Hippocampal anatomy, Altered

The hippocampus is a brain region located in the medial temporal lobe in humans and other mammals (West, 1990). Developmentally it is derived from neuronal and glial cells in the neural tube and differentiates in the proencephalon and telencephalon.  The hippocampus is a cortical structure, but only contains 3-layers, distinct from the 6-layered neocortical structures. For this reason, it is known as archicortex or paleocortex meaning old cortex. In humans, at the macro level, the structure is identified as early as fetal week 13 and continues to mature until 2 to 3 years of age (Kier et al., 1997), with continuing slow growth thereafter until adult ages (Utsunomiya et al., 1999).  In rodents, the hippocampus begins to form in mid-gestation, with the CA fields forming in advance of the dentate gyrus (Altman and Bayer, 1990a; 1990b). The primary structural and functional development of the hippocampus occurs in the third trimester of pregnancy in humans, whereas in rodents, much of the maturation of the CA fields and almost all dentate gyrus occurs in the first 2-3 postnatal weeks.

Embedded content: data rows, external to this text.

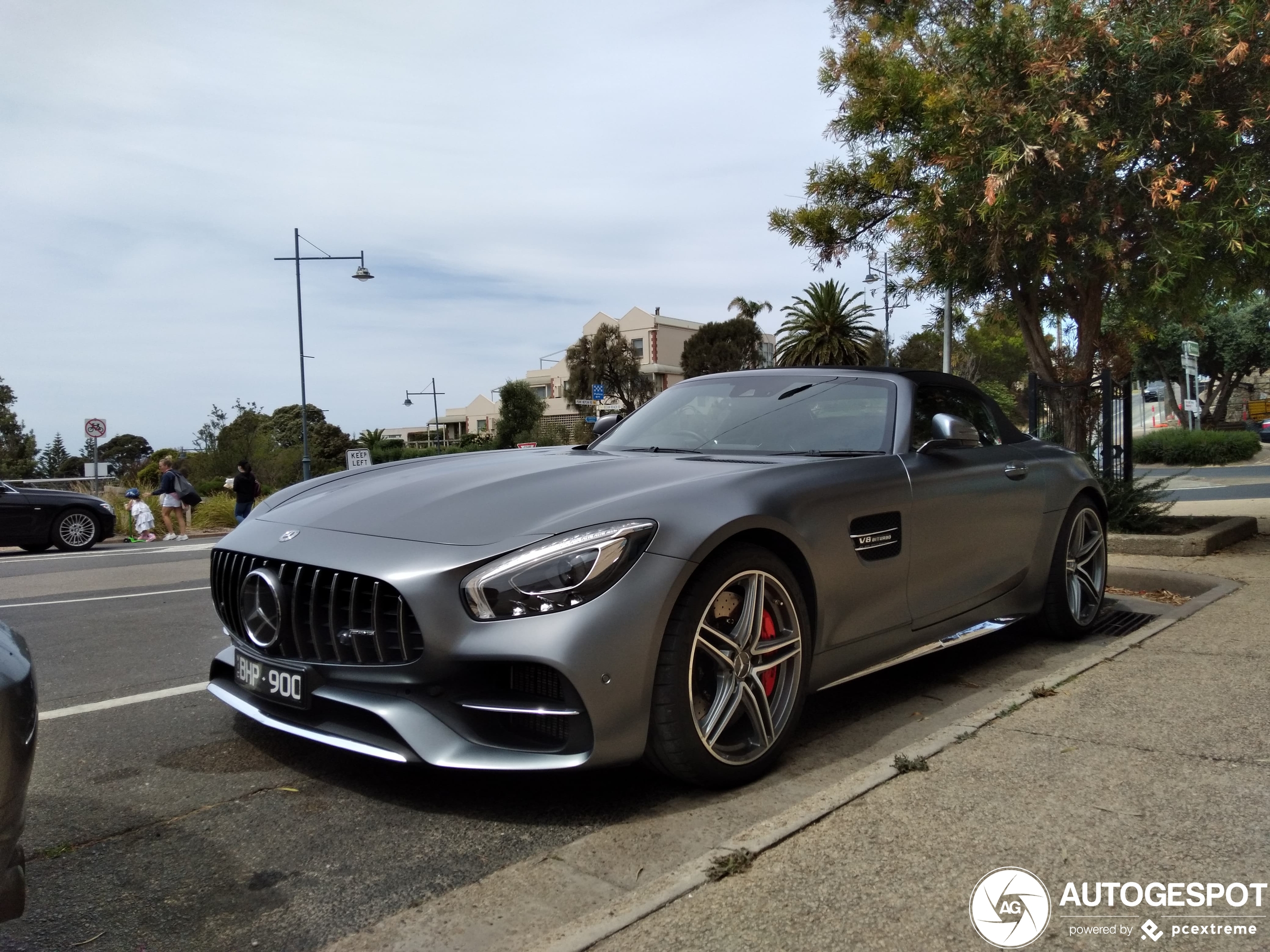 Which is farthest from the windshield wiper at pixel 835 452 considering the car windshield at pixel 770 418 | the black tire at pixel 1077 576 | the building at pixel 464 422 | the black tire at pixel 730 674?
the building at pixel 464 422

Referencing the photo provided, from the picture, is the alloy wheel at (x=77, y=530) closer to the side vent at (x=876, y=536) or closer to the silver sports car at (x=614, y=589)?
the silver sports car at (x=614, y=589)

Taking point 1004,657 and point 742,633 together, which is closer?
point 742,633

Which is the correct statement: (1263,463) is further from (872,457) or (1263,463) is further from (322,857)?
(322,857)

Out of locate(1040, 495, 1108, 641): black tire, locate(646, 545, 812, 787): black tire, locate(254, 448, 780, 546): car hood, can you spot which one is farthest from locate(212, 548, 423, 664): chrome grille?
locate(1040, 495, 1108, 641): black tire

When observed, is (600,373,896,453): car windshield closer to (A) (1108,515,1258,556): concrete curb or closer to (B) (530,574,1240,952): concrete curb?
(B) (530,574,1240,952): concrete curb

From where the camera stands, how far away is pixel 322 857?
268cm

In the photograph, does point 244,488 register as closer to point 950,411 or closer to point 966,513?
point 950,411

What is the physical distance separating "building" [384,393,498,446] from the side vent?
9799cm

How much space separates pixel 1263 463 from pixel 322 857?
30556mm

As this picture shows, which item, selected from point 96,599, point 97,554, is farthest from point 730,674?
point 97,554

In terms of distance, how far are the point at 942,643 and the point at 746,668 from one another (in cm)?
137

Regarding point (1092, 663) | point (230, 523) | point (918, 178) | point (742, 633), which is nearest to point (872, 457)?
point (742, 633)

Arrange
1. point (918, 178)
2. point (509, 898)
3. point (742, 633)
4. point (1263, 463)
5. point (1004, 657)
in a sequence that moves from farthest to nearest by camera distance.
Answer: point (1263, 463)
point (918, 178)
point (1004, 657)
point (742, 633)
point (509, 898)

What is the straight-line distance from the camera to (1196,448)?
27.8m
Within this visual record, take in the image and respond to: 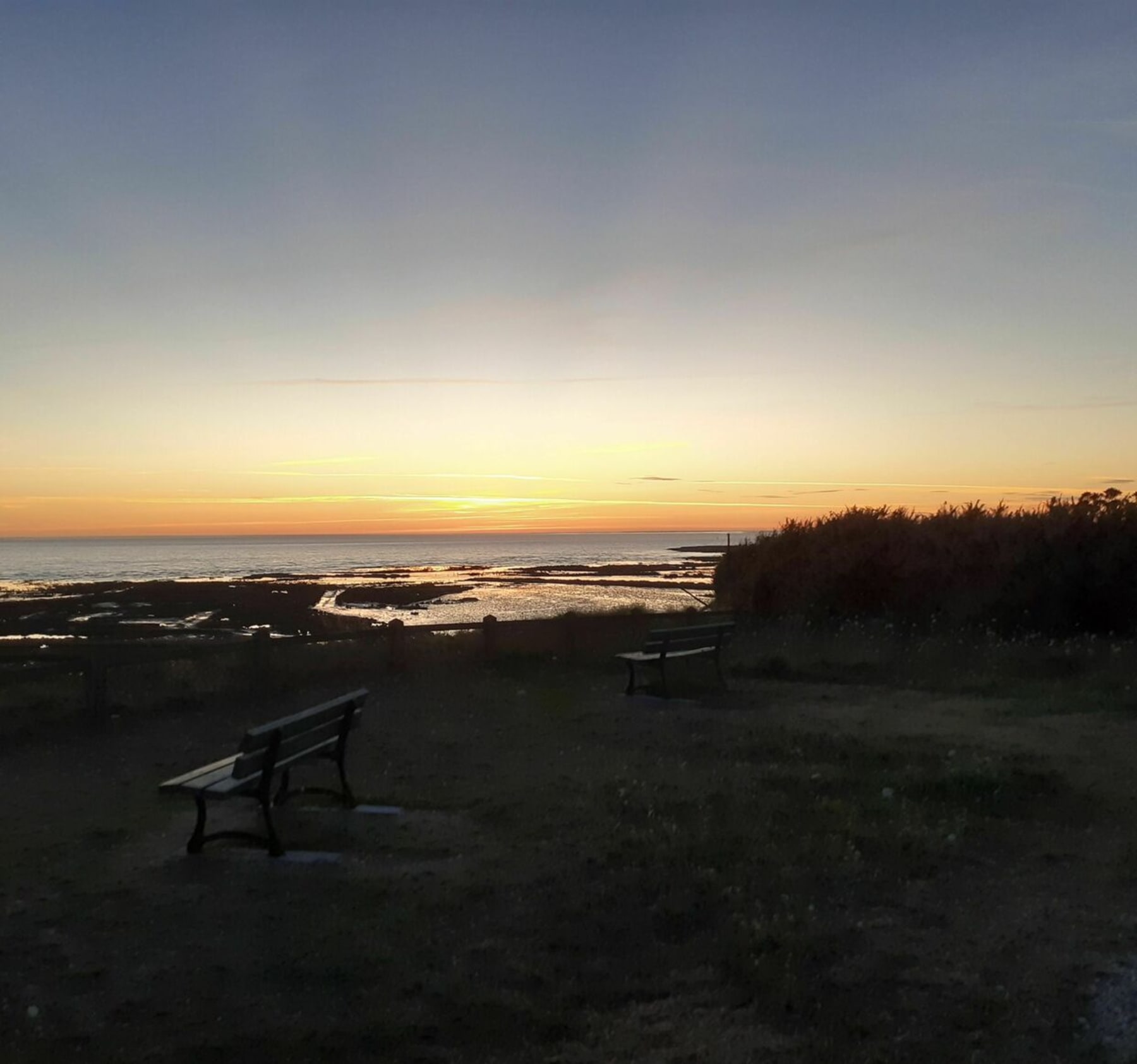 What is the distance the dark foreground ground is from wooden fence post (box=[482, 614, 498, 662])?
5687 millimetres

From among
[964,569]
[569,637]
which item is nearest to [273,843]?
[569,637]

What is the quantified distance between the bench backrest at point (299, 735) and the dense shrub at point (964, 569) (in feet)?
46.4

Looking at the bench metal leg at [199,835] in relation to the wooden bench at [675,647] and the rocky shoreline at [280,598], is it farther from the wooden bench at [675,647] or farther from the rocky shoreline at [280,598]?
the rocky shoreline at [280,598]

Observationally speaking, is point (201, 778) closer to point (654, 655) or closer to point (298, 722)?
point (298, 722)

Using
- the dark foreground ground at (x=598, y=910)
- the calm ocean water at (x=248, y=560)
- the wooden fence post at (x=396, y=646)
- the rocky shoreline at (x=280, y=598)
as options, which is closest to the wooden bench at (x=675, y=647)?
the dark foreground ground at (x=598, y=910)

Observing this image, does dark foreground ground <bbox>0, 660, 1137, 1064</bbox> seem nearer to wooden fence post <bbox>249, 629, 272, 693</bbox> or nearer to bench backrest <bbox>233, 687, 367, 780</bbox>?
bench backrest <bbox>233, 687, 367, 780</bbox>

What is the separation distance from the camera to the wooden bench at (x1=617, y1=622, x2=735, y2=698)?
524 inches

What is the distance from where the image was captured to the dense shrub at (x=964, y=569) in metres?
19.4

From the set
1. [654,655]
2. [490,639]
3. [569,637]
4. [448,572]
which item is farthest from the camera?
[448,572]

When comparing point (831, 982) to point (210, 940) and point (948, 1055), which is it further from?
point (210, 940)

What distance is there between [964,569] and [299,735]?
1698 centimetres

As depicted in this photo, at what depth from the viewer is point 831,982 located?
15.4 feet

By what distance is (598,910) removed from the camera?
5.62 metres

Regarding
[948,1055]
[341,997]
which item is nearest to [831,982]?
[948,1055] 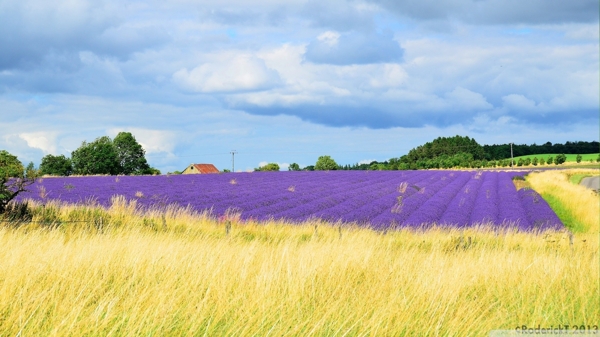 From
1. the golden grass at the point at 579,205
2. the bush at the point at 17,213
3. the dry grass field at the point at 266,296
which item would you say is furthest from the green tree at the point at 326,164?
the dry grass field at the point at 266,296

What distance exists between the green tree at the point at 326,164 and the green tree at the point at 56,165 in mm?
32561

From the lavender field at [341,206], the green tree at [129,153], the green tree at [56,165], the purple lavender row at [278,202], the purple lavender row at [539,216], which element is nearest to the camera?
the purple lavender row at [539,216]

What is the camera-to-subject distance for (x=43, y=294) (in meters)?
5.27

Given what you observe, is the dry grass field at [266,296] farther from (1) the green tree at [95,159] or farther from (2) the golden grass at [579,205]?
(1) the green tree at [95,159]

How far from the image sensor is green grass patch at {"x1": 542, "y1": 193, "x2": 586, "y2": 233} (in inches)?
916

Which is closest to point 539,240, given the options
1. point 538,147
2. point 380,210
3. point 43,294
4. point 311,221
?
point 311,221

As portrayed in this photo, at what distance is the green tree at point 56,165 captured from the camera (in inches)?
2899

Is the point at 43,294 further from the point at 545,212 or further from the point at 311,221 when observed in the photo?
the point at 545,212

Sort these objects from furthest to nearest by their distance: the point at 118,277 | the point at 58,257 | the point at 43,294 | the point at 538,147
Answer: the point at 538,147 → the point at 58,257 → the point at 118,277 → the point at 43,294

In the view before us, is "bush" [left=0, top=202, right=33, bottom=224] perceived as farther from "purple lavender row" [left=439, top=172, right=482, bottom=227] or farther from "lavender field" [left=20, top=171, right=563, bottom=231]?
"purple lavender row" [left=439, top=172, right=482, bottom=227]

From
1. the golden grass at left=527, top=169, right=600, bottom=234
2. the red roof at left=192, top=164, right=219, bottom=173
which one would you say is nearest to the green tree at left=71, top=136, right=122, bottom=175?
the red roof at left=192, top=164, right=219, bottom=173

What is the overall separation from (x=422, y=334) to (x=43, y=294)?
325cm

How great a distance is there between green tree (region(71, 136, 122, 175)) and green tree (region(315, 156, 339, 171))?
27142 mm

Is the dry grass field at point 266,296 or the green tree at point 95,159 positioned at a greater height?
the green tree at point 95,159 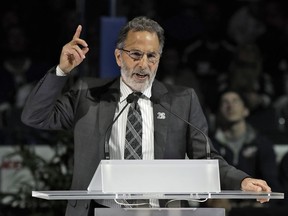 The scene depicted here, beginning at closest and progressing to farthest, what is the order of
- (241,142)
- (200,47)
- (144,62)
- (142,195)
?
(142,195)
(144,62)
(241,142)
(200,47)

The structure of the hippocampus has been divided into regions that include CA1 through CA4 and the dentate gyrus. The principal cell bodies of the CA field are pyramidal neurons, those of the dentate gyrus are granule cells.

The major input pathway to the hippocampus is from the layer 2 neurons of the entorhinal cortex to the dentate gyrus via the perforant path forming the first connection of the trisynaptic loop of the hippocampal circuit (Figure 2). Direct afferents from the dentate gyrus (mossy fibers) then synapse on CA3 pyramidal cells which in turn send their axons (Schaeffer Collaterals) to CA1 neurons to complete the trisynaptic circuit. Information from the CA fields then passes through the subiculum entering the fiber pathways of the alveus, fimbria, and fornix and is routed to other areas of the brain (Amaral and Lavenex, 2006). Through the interconnectivity within the hippocampus and its connections to amygdala, septum and cortex, the hippocampus plays a pivotal role in several learning and memory processes, including spatial behaviors. The primary input pathway to the CA regions of the hippocampus is from the septum by way of the fornix and direct input from the amygdala. Reciprocal outputs from the hippocampus back to these regions and beyond also exist. 

Figure 2. Trisynaptic circuit of hippocampal formation. For further details see Amaral and Lavenex, 2006.

At the cellular level, the components of the mammalian hippocampus undergo typical stages of neurodevelopment. With each developmental time window, distinct patterns of gene transcription and protein expression appear, corresponding to cell proliferation, differentiation, migration, synapse formation, and terminal neuronal/glial maturation, culminating in the structural formation of a neuronal network (Mody et al., 2001; Laeremans et al., 2013).  The principal neurons of the CA fields develop in advance of the principal cells of the dentate gyrus and the genes and proteins controlling the distinct phases are expressed at different stages in these two sub-regions (Altman and Bayer, 1990 a, b; Laeremans et al., 2013). In the rodent brain, almost all neurons show extensive growth and differentiation on axons and dendrites during the first postnatal week. These cellular changes are marked by rapid protein expression specific for different neuronal and glial subtypes including cytoskeletal proteins (e.g. cofilin, actins, tubulins etc..), production of cell adhesion molecules, and extracellular matrix formation which are critical structural elements of a neuronal network.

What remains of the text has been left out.